Now we have finished configuring the PageArea template, so we can open the template by clicking the Open button. A PageArea template does not navigate to a new webpage, but limits all selections to a specific area of a webpage. When you open a PageArea template, the page area is colored light green in the web browser.

Step 4 - Extracting Content in the PageArea Template

We will extract all the company names in the search results. We are inside a PageArea list template that selects all search result rows, so all the selections made in one row will be applied automatically to all the other rows in the search results. Follow these steps to configure the project to extract the company names:

  1. Click on the company name in the first row. The company name in all the other rows will be selected automatically.
  2. Click the New button or right-click and select New Content from the context menu.
  3. The title is a link, so Visual Web Ripper automatically sets the content type to Link, but we want to extract the text so we change the content type to Element.

 

Step 5 - Navigating to the Detail Pages

We are still within the PageArea template and we have configured the project to extract the company title content. We also want to extract some content that is available only once we click the company links and view the company detail pages.

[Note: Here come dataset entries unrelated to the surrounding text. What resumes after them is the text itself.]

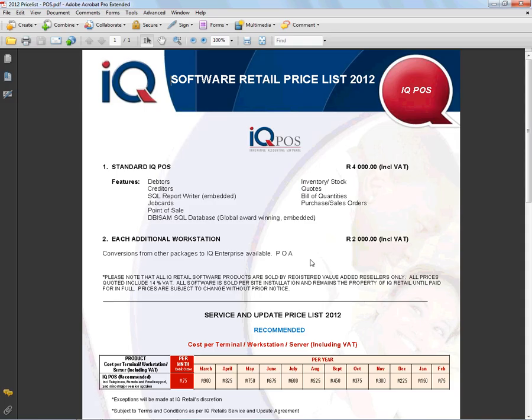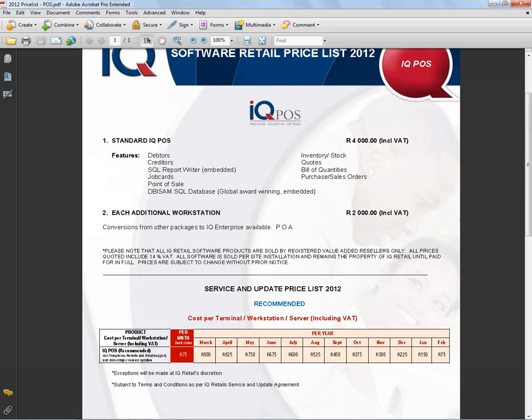If I show you the pricing of IQPAS, the standard IQPAS for 2012 is 4000 Rand. For each extra workstation it is 2000 Rand. The service agreement is not compulsory, but it is recommended. If you want more information on this, please feel free to contact our head office. And that concludes looking at the introduction for IQPAS.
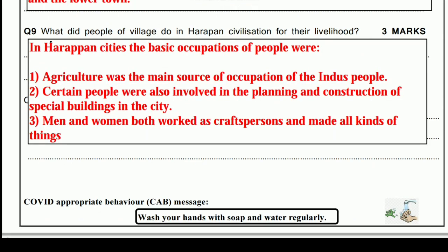The last question: What did the people of Harappan civilization do for their livelihood? In Harappan cities, the basic occupation of people was agriculture — it was the main source of livelihood. Certain people were also involved in planning and construction of special buildings, and both men and women worked as craftspersons and made all kinds of things.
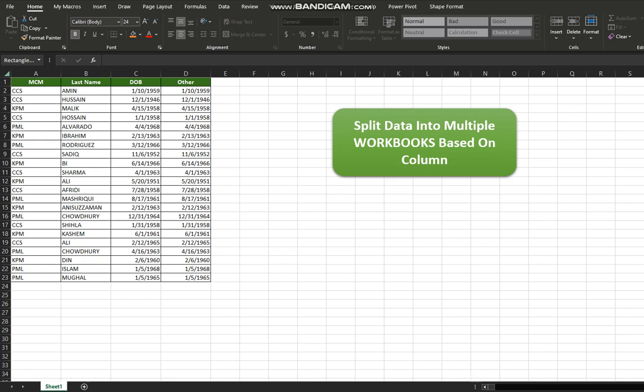Hello and welcome to Improve Your Excel. In today's video we are going to learn how to split data into multiple workbooks based on a specific column value.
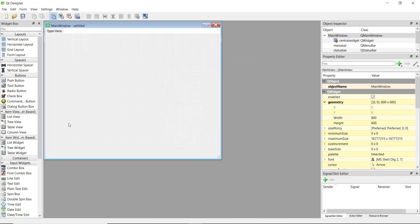On the left-hand side there are four kinds of layout: the vertical layout, the horizontal layout, the grid layout, and the form layout. We are going to talk about these one by one.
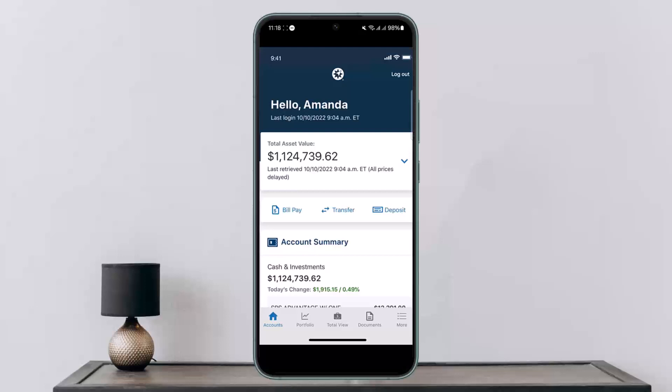Once you enter in the necessary information and verify, you'll be able to send money easily. That's how you can send money on AMP Bank. Hope this helped you — do like and subscribe, and leave a comment down below if you have any further issues.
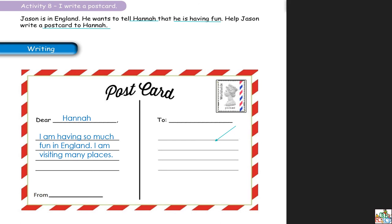Ensuite au bas complètement, vous allez voir 'from' — F-R-O-M. From veut dire qui écrit cette lettre. D'après vous qui écrit cette lettre? C'est Jason — he wants to tell Hannah how he's feeling. So you're going to write the name of Jason — 'from Jason'. Quand vous écrivez à votre grand-parent, vous allez écrire 'from' et votre nom, par exemple 'from Shahala' ou 'from Hadia'.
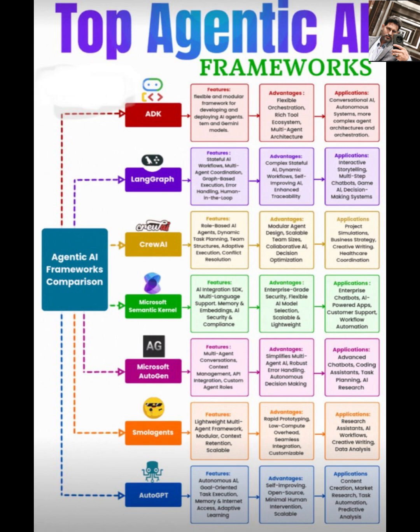Smallagence is up next. This lightweight multi-agent framework focuses on modular context and retention. It's perfect for rapid prototyping, low compute environments, and seamless integration. If you're working on research assistance, AI workflows, or creative writing tools, Smallagence offers a customizable, overhead-free solution.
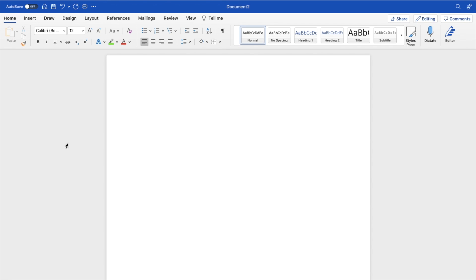So in this Microsoft Word tutorial video, I'm going to be showing you guys how to have square bullet points in Microsoft Word. The first thing you have to do is open up Microsoft Word.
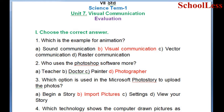Question 3: Which option is used in Microsoft Photo Story to upload photos? A. Beginner Story, B. Import Pictures, C. Settings, D. Viewer Profile. The correct answer is B: Import Pictures.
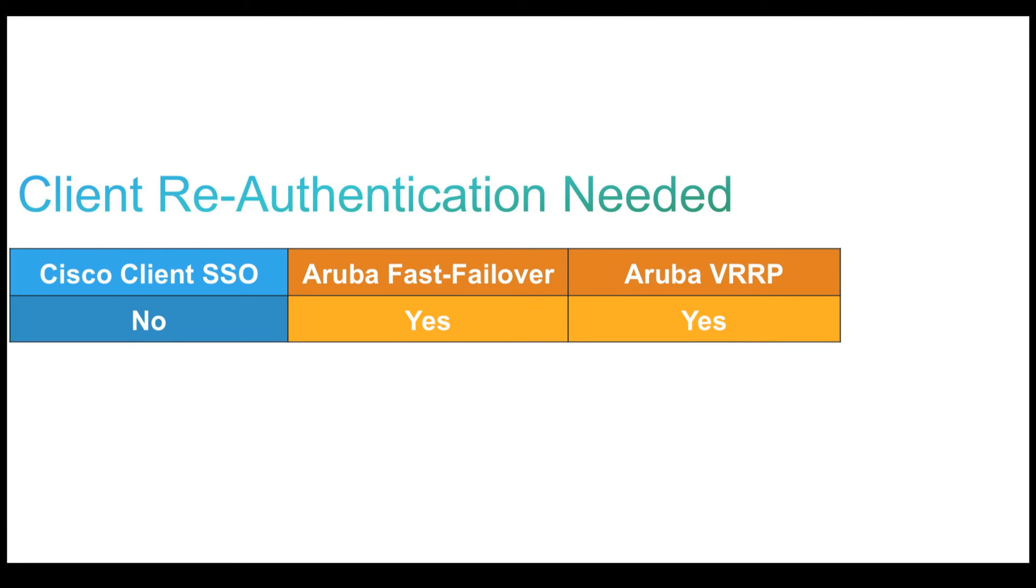One of the reasons for the elongated application recovery time on Aruba is due to the fact that the clients need to re-authenticate with the standby controller. With Cisco, since the client state is synced between the active and the standby controller, re-authentication is not needed anymore.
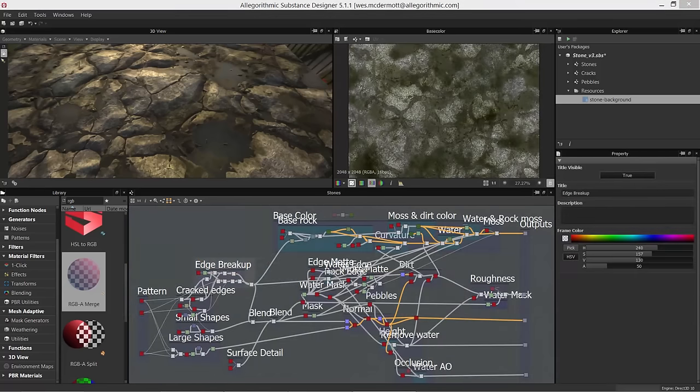That concludes this series on creating this procedural rocky ground material. The core concepts discussed include the importance of variation and tackling a complex material in smaller sections and chunks rather than thinking about it as a whole. Using this step-by-step process gets us there in an organized and easier way. Thanks very much for watching — I hope you found this helpful and I'll see you next time.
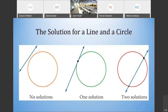Going into the next situation, we're going to find the solution for a line and a circle. Visually it has the same outcomes: no solution, one solution, or two solutions. When there's one solution, the line is tangent to the circle — it just touches at one point. Good. So I'll let you guys draw that out real quick.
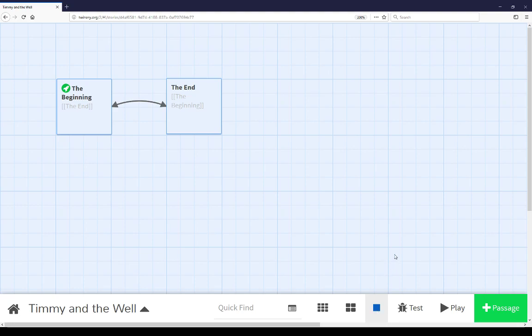The last three things on the bottom menu have to do with testing, playing, and adding new passages. If we wanted to test this current story, we could put it into test mode.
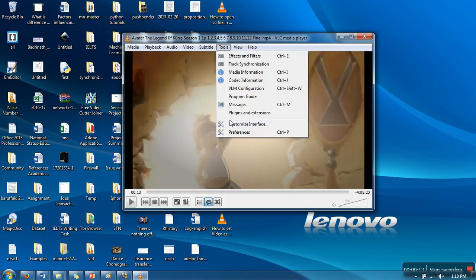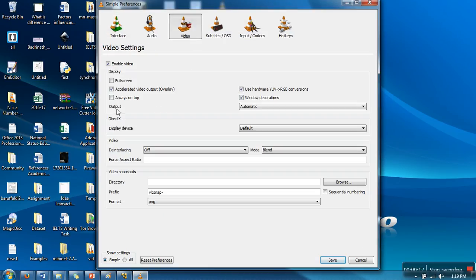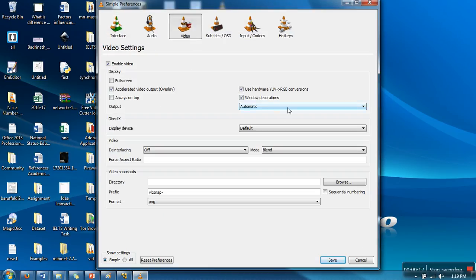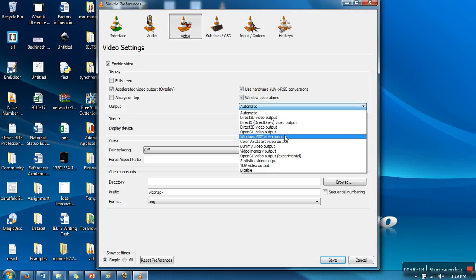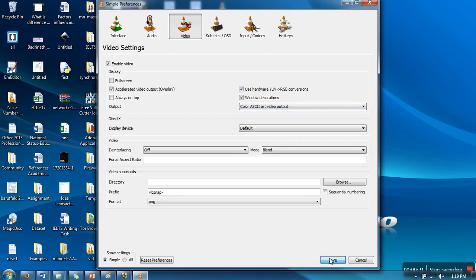What you need to do is go to Preferences, and in Video there is an option called Output. Here we will select Color ASCII Art Video.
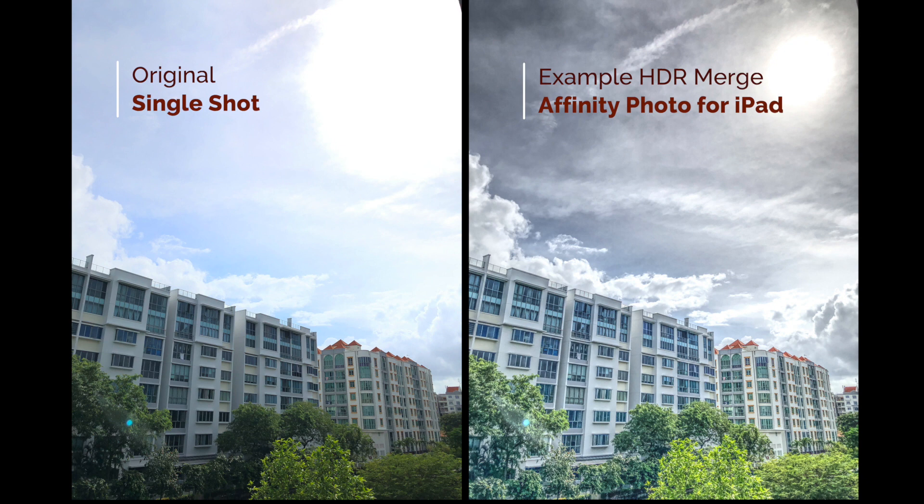So I hope this video was helpful. Do check out that video where I discuss Affinity Photo and to complete the process of getting those beautiful HDR images. Till the next time, happy shooting!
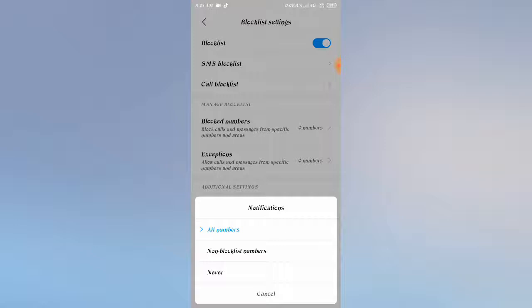If you choose all numbers, then you'll get notifications if someone is calling you from your block list. Thanks for watching.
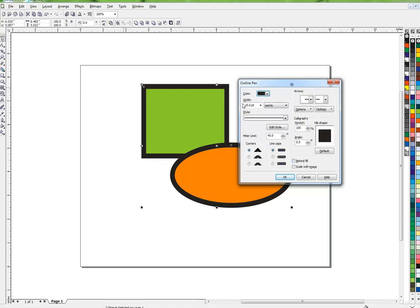These both have a 15-point outline. Should I select behind fill or should I not? It depends what I want to do. Right now it's not selected, which means the fill is behind the outline.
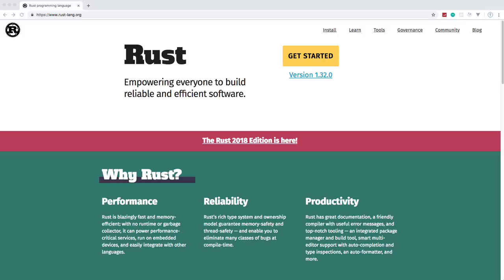Rust is an extremely fast and powerful programming language, best known for being a systems language. Other examples of systems languages are C and C++, which are very powerful and fast, built more for systems rather than application programming languages like Java, C#, and JavaScript. Things you would build with a systems language like Rust or C++ include drivers and compilers — many tools that programmers use in development are built with systems languages.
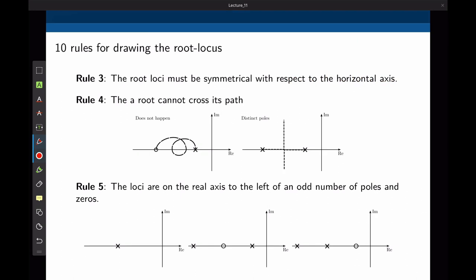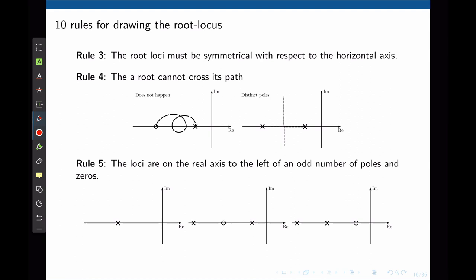Rule 3 deals with symmetry. If complex closed-loop poles do not exist in conjugate pairs, the resulting polynomial would have complex coefficients. Physically realizable systems cannot have complex coefficients in their transfer functions. Thus the root locus is symmetric about the real axis — it must be symmetrical with respect to the horizontal real axis. Rule 4 states that a root locus cannot cross its own path. The figure showing crossing would mean that for a given value of k, we may have more than one possible solution to the characteristic equation, which is a characteristic of a non-linear system. The root locus never crosses its path.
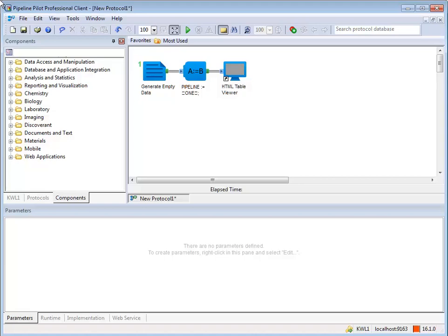A protocol can consist of just one pipeline. Running the protocol will give you the output of the pipeline. This one simply displays a table with text.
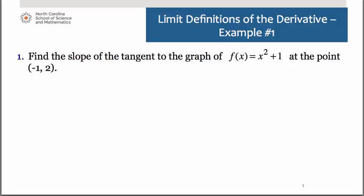Let's take a look at a couple of examples of how to use the limit definitions of the derivative to find the derivative of an equation.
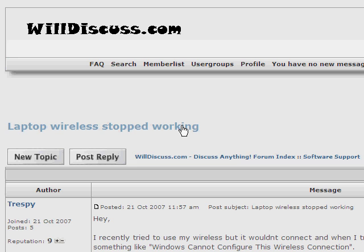This video is in response to a post on willdiscuss.com's bulletin board system. In this question, the user stated that they could no longer connect to wireless networks. When attempting to view available networks, Windows will return an error stating that Windows cannot configure this wireless connection.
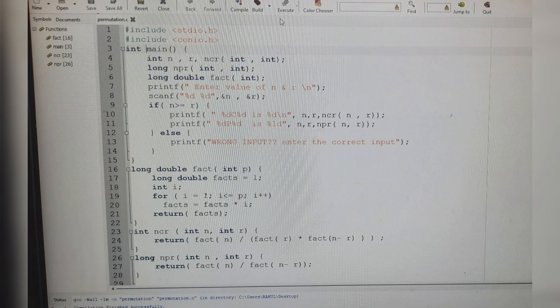Here the factorial function is a recursive function which calls itself to get the value of the factorial of a given number that is n.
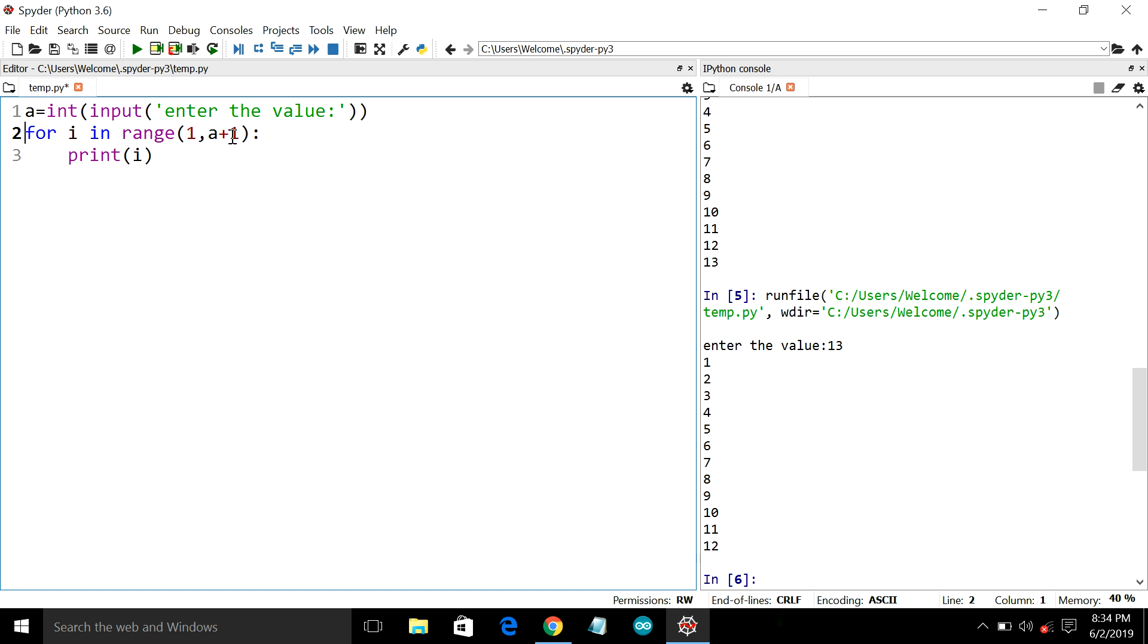That means a plus 1, we will discuss that when the program gets executed. And the third line contains the print statement.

Follow these steps to add a link template that navigates to the detail pages:

  1. Click on the Template tab in the Captured Elements window. This ensures we are working on templates and not content elements.
  2. Click on the company title in the first search result row. We are inside a PageArea list template that selects all the search result rows, so all selections made in one row are applied automatically to all rows in the search results.
  3. Click the New button or right-click and select  New Template from the context menu.
  4. Make sure the template type is set to Link and not PageArea .
  5. Sometimes the Start New Web Browser option is useful when you want to follow a list of links. Normally, Visual Web Ripper follows a link and processes the next page before moving back to the previous page in order to follow the next link in the list. If you activate the Start New Web Browser option, Visual Web Ripper will open the link in a new web browser, so it does not have to move back to the previous webpage in order to follow the next link. This saves time, making your data extraction project run more quickly.

 

We have finished configuring the link template for the detail pages, so we can open the link template by clicking the Open button. The web browser navigates to the first company link in the list. If you want to open a different company link, you can simply select the link in the web browser before clicking the Open button.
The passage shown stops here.